At another point he turned deadly pale, and almost trembled on his chair, as if he were feeling ill, and were about to fall.  Henrietta was telling him at that moment, from Daniel’s recital, the circumstances under which M. de Kergrist had died, and Malgat had disappeared,—­that poor cashier who had left such an immense deficit behind; who had been condemned to penal servitude; and whose body the police believed to have found in a wood near Paris.  But, as soon as the young girl had finished, he rose all of a sudden, and cried out in a formidable voice,—­

“I have them now, the wretches! this time I have them!”

And, breaking down under his excessive excitement, he sank into his chair, covering his face with his hands.  Henrietta was dumfounded; she looked aghast at the old man, in whom she now placed all her hopes.  Already, the night before, she had had some suspicions that he was not what he seemed to be; now she was quite sure.  But who was he?  She had nothing to go by to solve that riddle.

This only she thought she saw clearly, that Sarah Brandon, Mrs.

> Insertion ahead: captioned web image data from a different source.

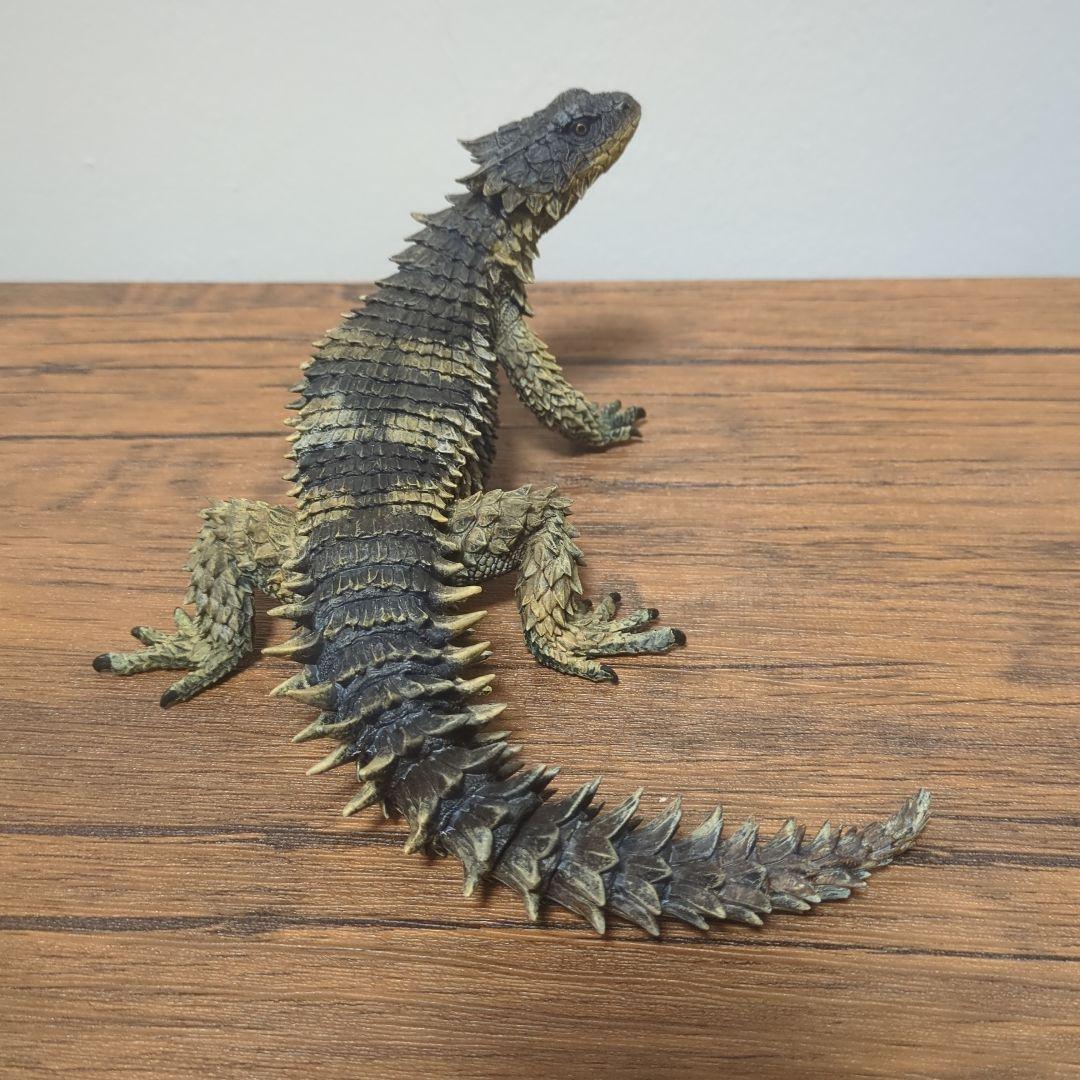 蟹蟲修造　オオヨロイトカゲ　フィギュア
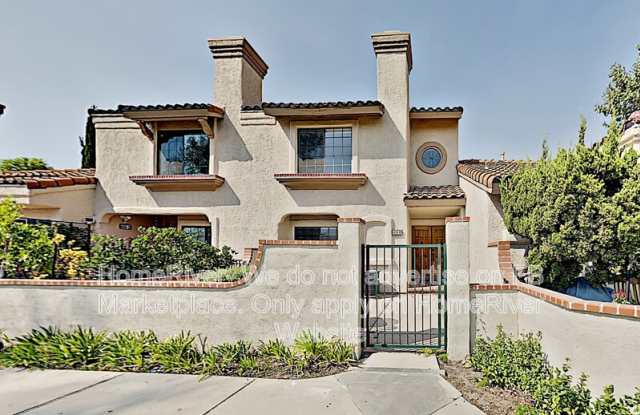456 Country Club Dr - 456 Country Club Drive, Simi Valley, CA 93065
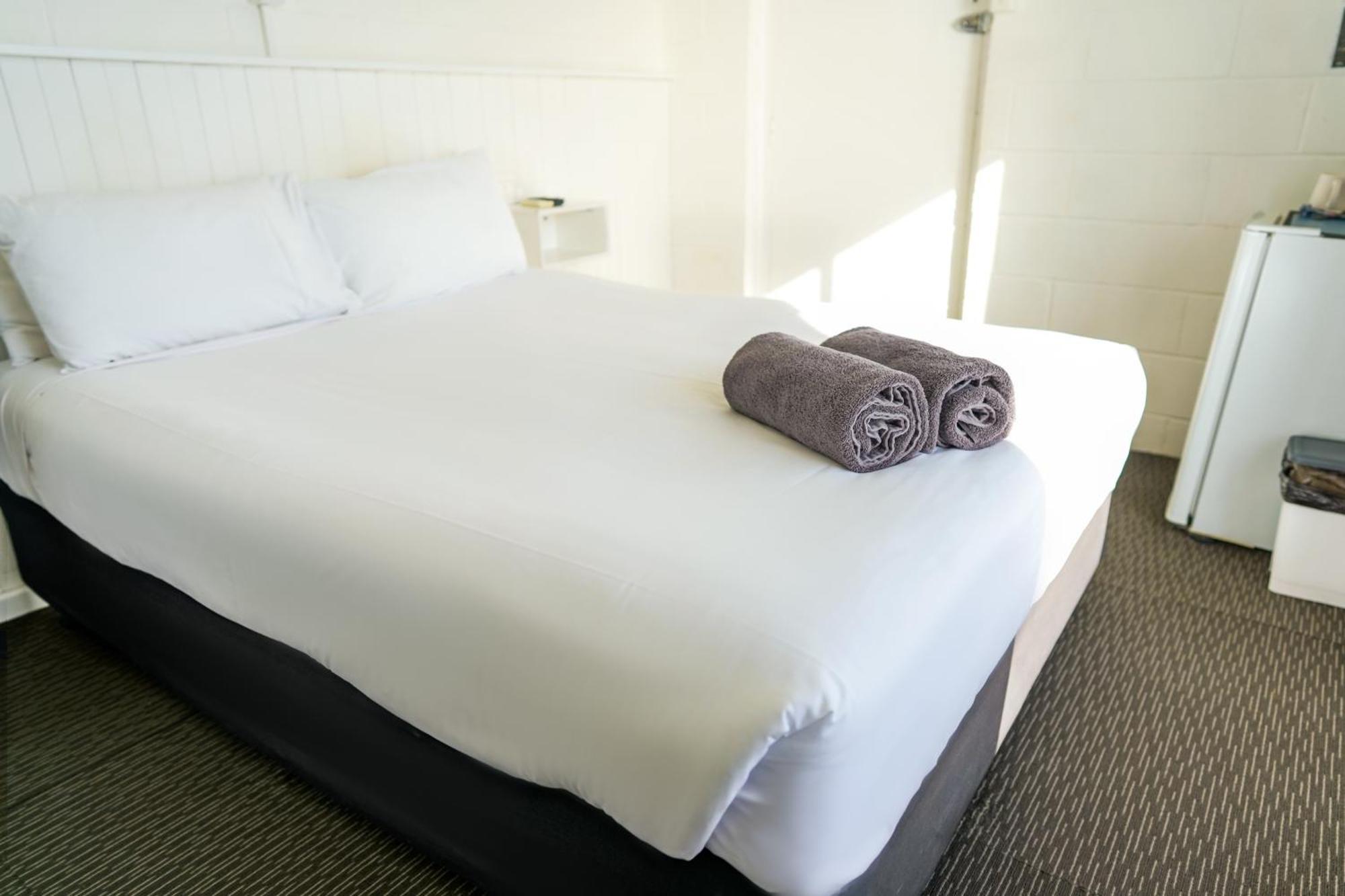 Meningie Waterfront Motel ภายนอก รูปภาพ
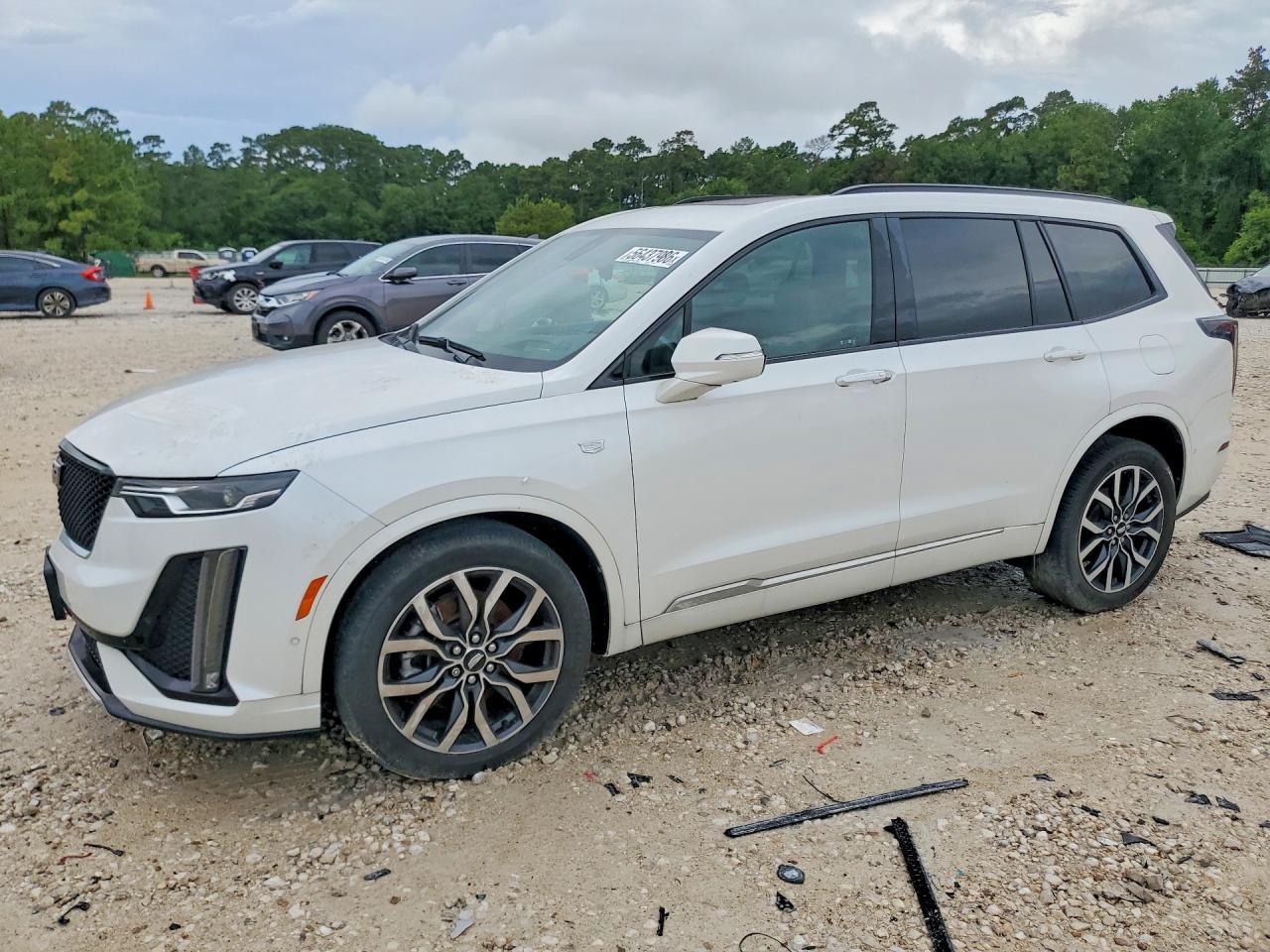 2021 CADILLAC XT6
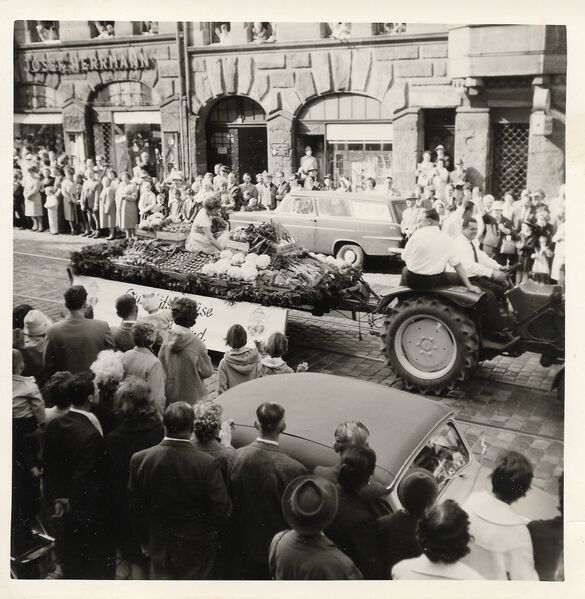 Datei:Festzug 1962 (1).jpg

Brian, and M. Thomas Elgin, as well as M. de Brevan, had at some time or other come in personal contact with Papa Ravinet, and that he hated them mortally.

“Unless he should try to deceive me,” she thought, not having quite shaken off all doubts yet.

He had in the meantime mastered his emotion, and was regaining all his composure.

“Let no one, henceforth, deny Providence!” he exclaimed.  “Ah! fools and idiots alone can do so.  M. de Brevan had every reason to think that this house would keep the secret of his crime as safe as the grave, and so brought you here.  And here it happens I must chance to live,—­of all men, I,—­and he remain unaware of it!  By a kind of miracle we are brought together under the same roof,—­you, the daughter of Count Ville-Handry, and I, one after the other, without knowing each other; and, at the very moment when this Brevan is about to triumph, Providence brings us together, and this meeting ruins him!”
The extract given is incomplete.